Civil Aviation Minister Suresh Prabhu inaugurated the Global Aviation Summit 2019 in Mumbai on Tuesday. The two-day summit, with a theme ‘Flying for all-especially the next 6 Billion’, is being organised by the Ministry of Civil Aviation in association with FICCI. It offers stakeholders an opportunity to explore, deliberate and understand how technology-driven innovations will change air travel in the decades to come. India is the seventh-largest country by area and the second-most populous with over 1.35 billion people. It is one of the fastest growing economies of the world and is likely to become the 5fth largest in 2019. The Indian aviation market is on a high growth path. Total passenger traffic to, from and within India, during Apr-Nov 2018 grew by around 15% year on year as compared to around 6% globally. India is now the seventh largest aviation market with 187 million passengers in FY 2017-18. It is expected to become the third largest by 2022.
Where the civil aviation industry in india stands today?
- India has become the third-largest aviation market in the world
- The Crisil InfraInvex’s score for the aviation sector has already risen to 6.5 from 6.1 a year ago
- The investment potential for Indian aviation sector is estimated to be around $100 billion over the next 12-15 years
- It is expected to be among the top three countries by 2024 from its current seventh position
- In its latest 20-year forecast for the aviation industry, the International Air Transport Association (IATA) says that air passenger numbers worldwide could double to 8.2 billion in 2037.
- While China will climb up one spot to displace the US as the world’s largest aviation market in the mid-2020s, India will take the third place by surpassing the U.K. around 2024, according to the IATA forecast.
- In fact, the Asia-Pacific region is expected to see the fastest growth at the rate of 4.8%, followed by Africa (4.6%) and West Asia (4.4%).
- Even though airlines are growing, but finances are declining due to rise in prices of aviation fuel.
- Aviation is the hen that lays the golden eggs. Thus, it is heavily taxed. By taxing it more, we are killing the hen.
- There is a great competition wrt pricing not only within various airlines but also with other modes of transport.
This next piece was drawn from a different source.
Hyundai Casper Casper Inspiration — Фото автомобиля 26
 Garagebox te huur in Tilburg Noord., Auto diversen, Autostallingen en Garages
For instance, when the prices of air tickets rise, people switch to railways.
- Indian aviation companies have been unable to balance sustainability and
- No airlines company has been able to formulate a credible currency policy to protect them from exchange rate fluctuation.
- We need cheaper source of finance.
- Pending infrastructural project stifling the growth of civil aviation sector should be executed at a fast pace.
- ATF (aviation turbine fuel) should be brought under GST.
- We should be opening international routes faster for our airlines that are successful.
- The industry stakeholders should collaborate with policy makers for growth of India’s civil aviation industry.